En la más reciente Encuesta de Analistas del Banco de la República, uno de los principales termómetros de expectativas del mercado, el consenso apunta a que el dólar se mantendría relativamente estable en el corto plazo, pero con una tendencia moderada al alza hacia finales del año.
Para el cierre de enero, la mayoría de analistas encuestados por el Banrep ubica la tasa de cambio en un rango cercano a los COP 3.700-COP 3.750, mientras que para diciembre de 2026 las previsiones se concentran entre COP 3.850 y COP 4.000.

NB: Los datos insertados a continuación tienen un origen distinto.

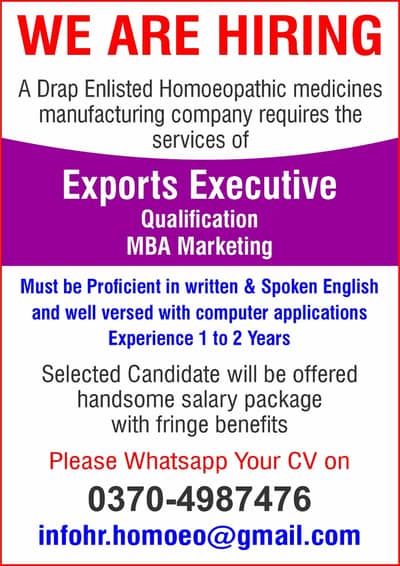 Exports Executive , Export fficer (Male Job) Urgent Hiring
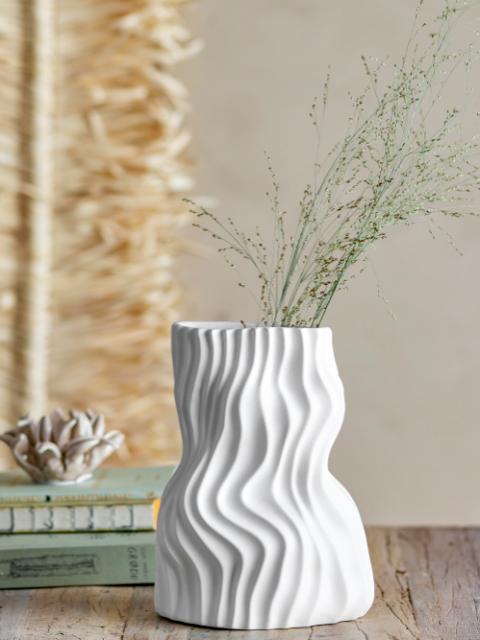 Sahal Vase, White, Ceramic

En su escenario base, Bancolombia prevé que el dólar promediará alrededor de COP 3.878 durante 2026.
Para Banco de Bogotá, el sesgo es ligeramente más alcista; sus estimaciones ubican la tasa de cambio en torno a los COP 3.967 en enero de 2026 y cerca de los COP 4.183 en febrero.
Detrás de estas diferencias hay supuestos clave que aún están en definición. Por un lado, la trayectoria de la política monetaria de Estados Unidos será determinante: el mercado estará atento a si la Reserva Federal confirma un ciclo de recortes más rápido o adopta una postura más cauta frente a la inflación. Por otro, en el frente local seguirán pesando el manejo de la deuda pública, las monetizaciones del Gobierno y la evolución del déficit fiscal.
En un año en el que confluyen riesgos geopolíticos, ajustes fiscales y decisiones clave de política monetaria, lo único seguro es que la tasa de cambio seguirá siendo uno de los principales termómetros de la confianza y, al mismo tiempo, de la incertidumbre en la economía colombiana.